Anecdote has it that Handel’s own face was wet with tears after he wrote the Hallelujah chorus. His assistant came upon him crying at his desk and asked him: “What’s wrong?” To which Handel replied. “I thought I saw the face of God.”

After such a splendorous vision and satisfying creation, it is a wonder that Handel went on to write another act at all. Yet he did.

In Philip Yancey’s reflection on Messiah’s “bright and glistening theology," he recalls the various theories behind King George II standing during the Hallelujah Chorus at the oratorio’s London premiere. Some believe did so because he was emotionally moved. As Yancey points out, however, there are also those who suggest that the king in fact rose to his feet because he mistakenly believed the show was over. Apparently novices in the audience have been known to make the same error today.

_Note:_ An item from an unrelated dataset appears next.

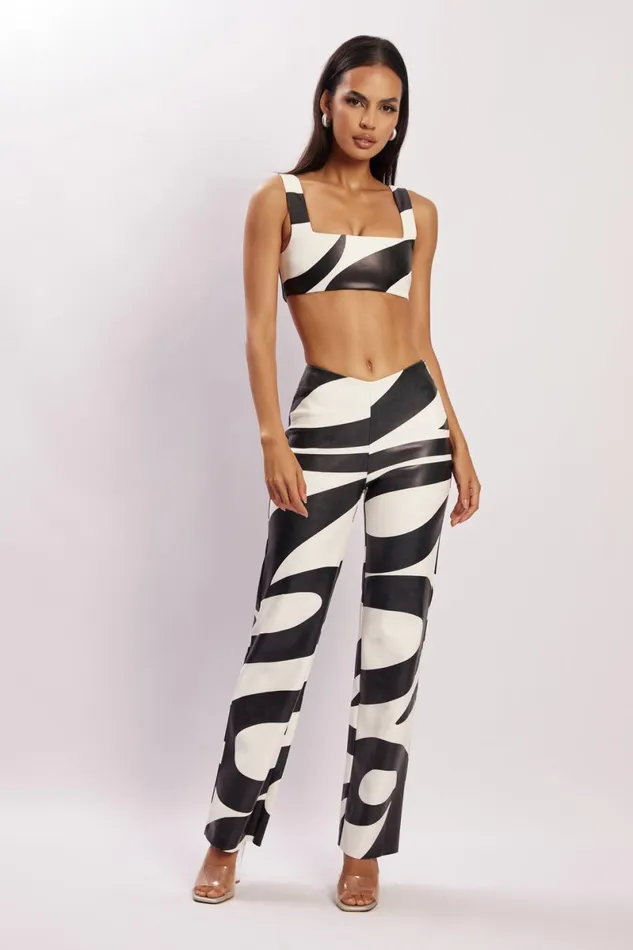 Meshki Crop Tops Mahla Faux Leather Square Neck Crop 8211 Swirl Print Swirl Print 8211 Women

“Who can blame them?” says Yancey. “After two hours of performance, the music seems to culminate in the rousing chorus. What more is needed?”

Handel had an entire act of “more” to add. A heavy act. This brilliant composer, this creative man of God, recognized that as heavenly as his chorus sounded, it was still a chorus of earth--a place where so much is wrong and so much is needed.

In what Yancey heralds as “a brilliant stroke,” the final act begins with words from a stricken Job. It seems a steep fall from ebullient Hallelujah to a story of such tragedy. But there is a brave hope in Job's persistence of belief. The Christ that Handel then dwells on is the Christ of Revelation 4-5—the slaughtered Lamb, the humble sufferer whose victory comes through surrender.

“The great God who became a baby, who became a lamb, who became a sacrifice—this God, who bore our stripes and died our death, this one alone is worthy,” says Yancey. “That is where Handel leaves us, with the chorus "Worthy Is the Lamb," followed by exultant amens.”

Messiah’s expansive view is shown in its refusal to skip over wounds and tears to get to exultations. There is anxiety. There is uncertainty. There is blood. Handel acknowledges that here, in this sin-wrung world, our cries to the Lamb do not always sound like Hallelujahs. Sometimes they sound like weeping, or groaning. Like…ache.

As Handel’s “bright and glistening theology” swirled around me live that first time, my enjoyment of the piece was rimmed with specific aches. Ache for Opa (grandfather), who passed away a few years earlier and used to see Messiah in concert with my Oma, year after year. Ache for a coworker who was, at that very moment, stricken with the pain, exhaustion, and delirium of leukemia. In years prior I heard him loudly singing along to Messiah in his office. That was to be his last Christmas; a month later he would pass away. I ached, too, with awareness of the painful arcs in so many people's lives—persecution, loneliness, war, depression, disaster. The list goes on. As does the ache in our world.

Handel’s Messiah is as honest in its agony as it is in its joy. Its chords anticipate a world restored without diminishing the woundedness of living in the not yet. This is its gift: a true vision of Emmanuel, a Lord who is not just visible to us, his children, but present with us. He rejoices with us and carries our sorrows. May we look closely, sing boldly, and listen well as we seek His face.

Blessing, and honour, glory and power, be unto Him that sitteth upon the throne, and unto the Lamb for ever and ever. Amen.